If you didn’t trust Alexa before, wait until you start receiving answers on your Echo from some random person on the internet who might actually know less than you. Amazon just announced that they’re opening up Alexa Answers to just about anyone after being in an invite-only beta since December.

Alexa, despite her over-confident manner and all-around snobbery, does not know everything. There are times when she’s helpful and coughs up info I honestly need, but then there are times when I can’t get her to answer a seemingly simple question that I know there’s an answer to. This is why Amazon has chosen to allow Alexa to retrieve answers from humans, you know, people who can actually think.

By crowd-sourcing answers, the online retail giant hopes to fill the gap left by an unthinking digital assistant. The only flaw in the new system is that people are stupid. I mean, not all people, but if social media and the internet has taught us anything it’s that a lot of people are having trouble connecting the dots upstairs.

It doesn’t seem like there’s much of a vetting process. Any person, and I mean literally any person, can upload their answers in areas that they’re interested in or hopefully have some expertise. Alexa will accept and then feed these answers to anyone who asks a question that relates. She tags the answer with “according to an Amazon customer” so you can decide whether you want to believe it or do some further research.

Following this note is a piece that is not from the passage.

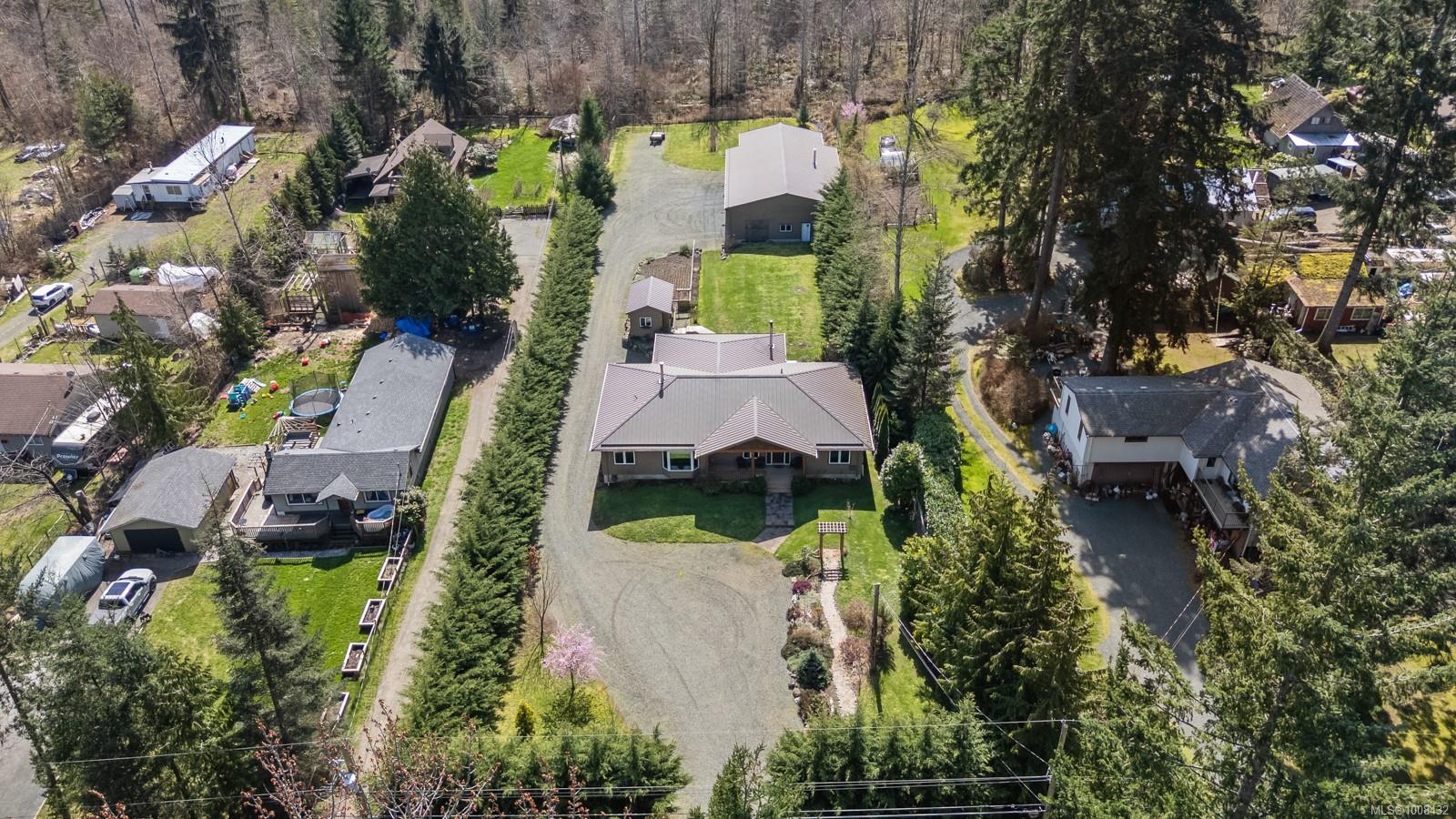 2353 Catherwood Rd, Black Creek, BC V9J 1J3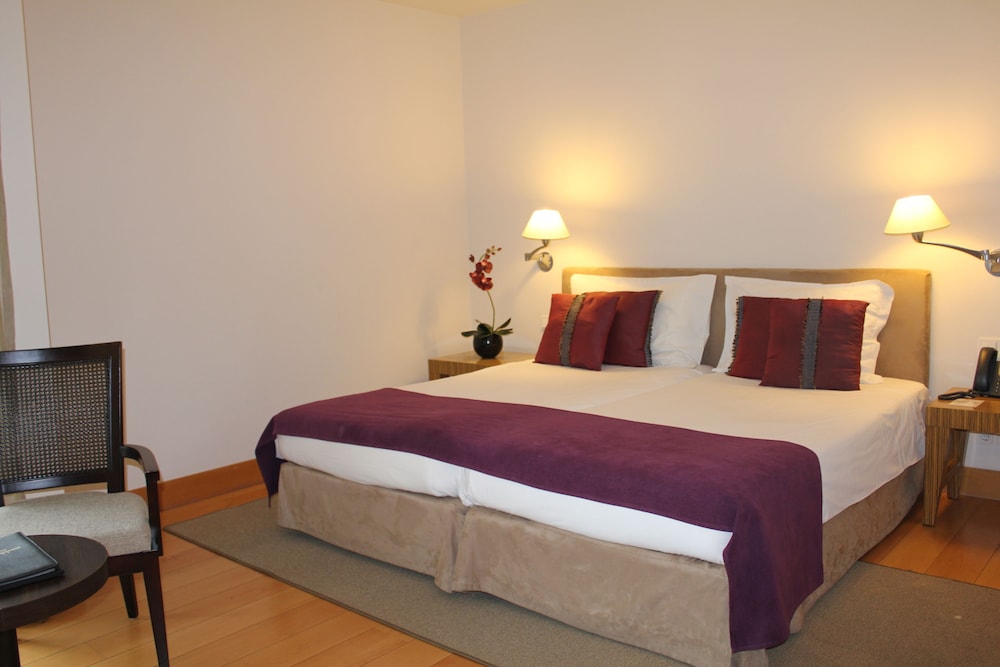 Twin Room, Pool View - Photo 1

Those that share answers and information will receive their own dashboard complete with stats and ratings. When Alexa uses their answers, the person earns points. The system is very similar to Quora or other forums, only with the use of a voice-activated assistant.

While it doesn’t seem like there’s any human curation system in place to weed out troll answers, people can give these responses a thumbs up or thumbs down and a star rating, letting Alexa know whether it was useful or not. They can also flag answers deemed vulgar or incorrect.

“If more than one response to the same question is provided on Alexa Answers, Alexa will rotate between each of the answers until she has enough information to know which answer is the most useful,” the Alexa Answers FAQs states. “Answers with the most positive feedback will be used more frequently.”

I hope this system as it stands is enough to keep Alexa from being overrun by trolls. Bringing in a human element to her answers is a great idea, I’m just hoping the intelligent cream rises to the top.